__Task details__
When you copy the material below, keep every line exact and drop the pictures.

*** Opening of Data section ***

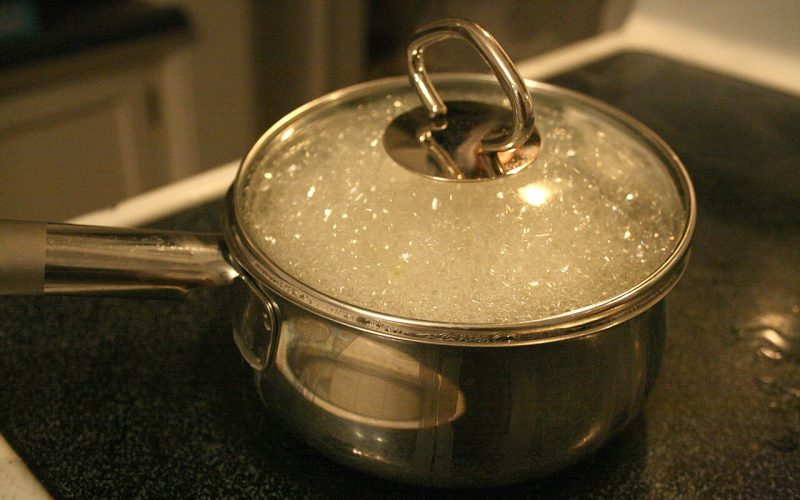 A pot of water at a rolling boil on a gas stove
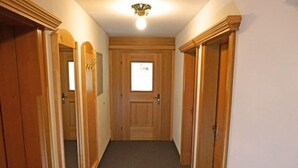 A hallway with wooden doors and a carpeted floor. - Apartment Erika by Interhome (Kappl)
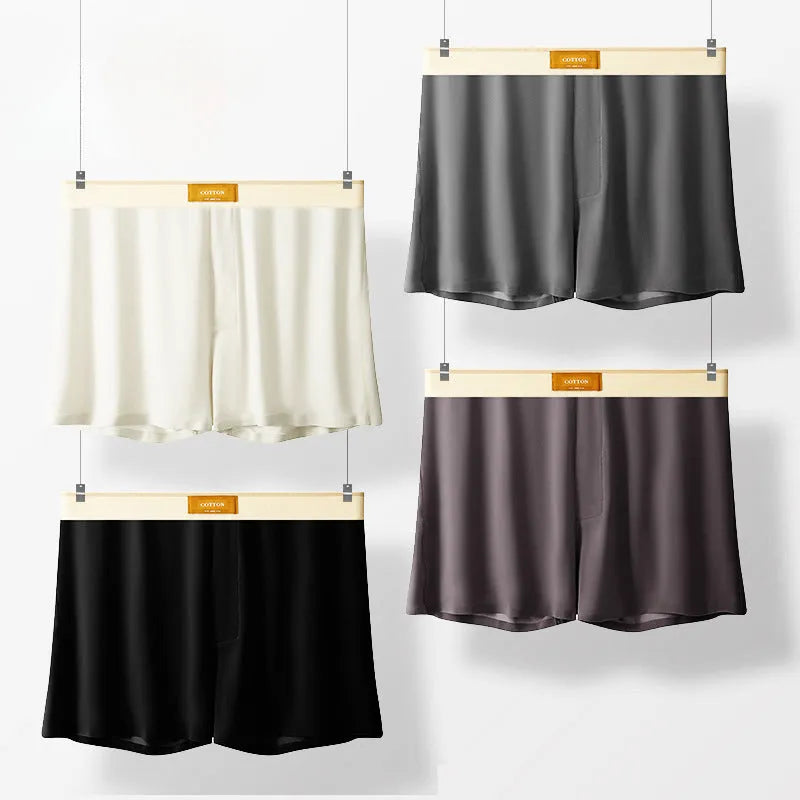 Men's solid colour ice silk underwear with a loose fit and mid waistband on a neutral background.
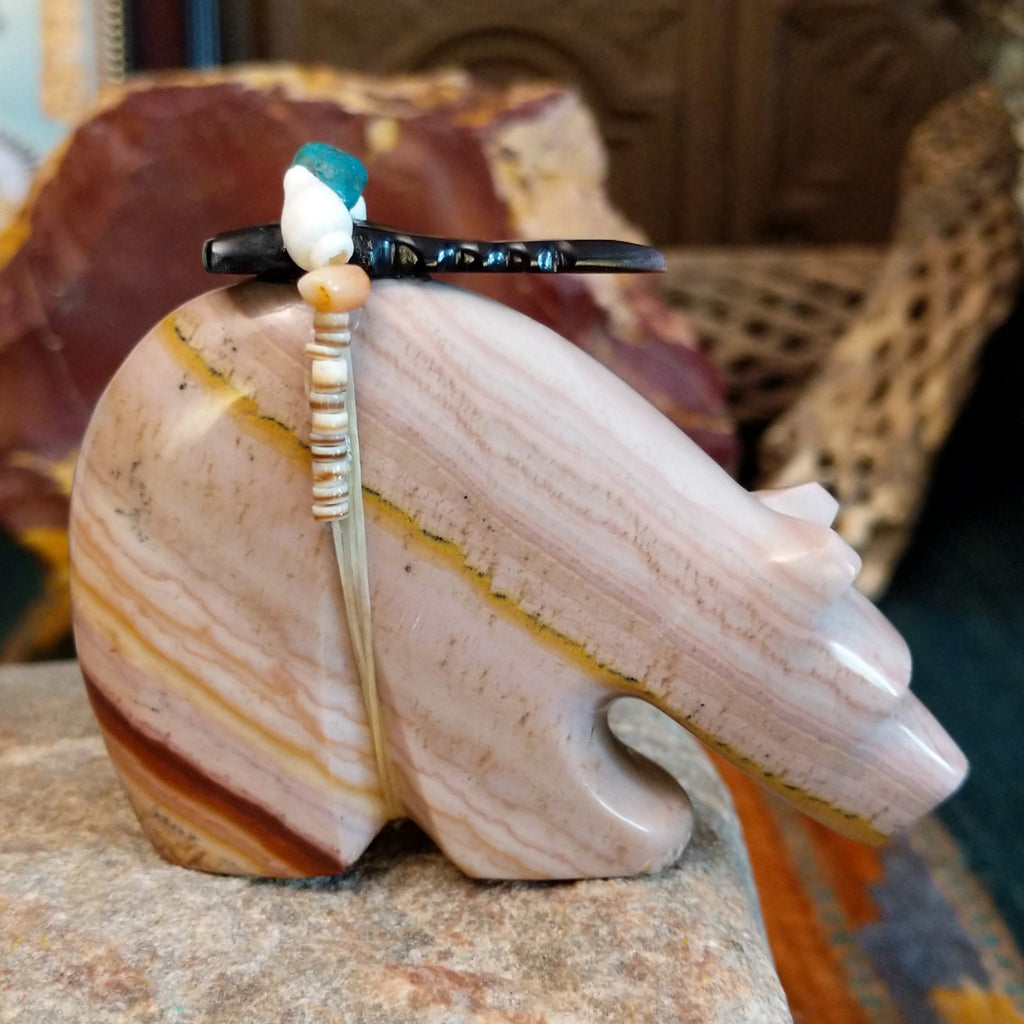Banded dolomite carved into a bear with turquoise arrows inlaid on the body and pen shell and various stones beaded along its' torso.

*** Close of Data section ***

__Written reply__
 A pot of water at a rolling boil on a gas stove
 A hallway with wooden doors and a carpeted floor. - Apartment Erika by Interhome (Kappl)
 Men's solid colour ice silk underwear with a loose fit and mid waistband on a neutral background.
Banded dolomite carved into a bear with turquoise arrows inlaid on the body and pen shell and various stones beaded along its' torso.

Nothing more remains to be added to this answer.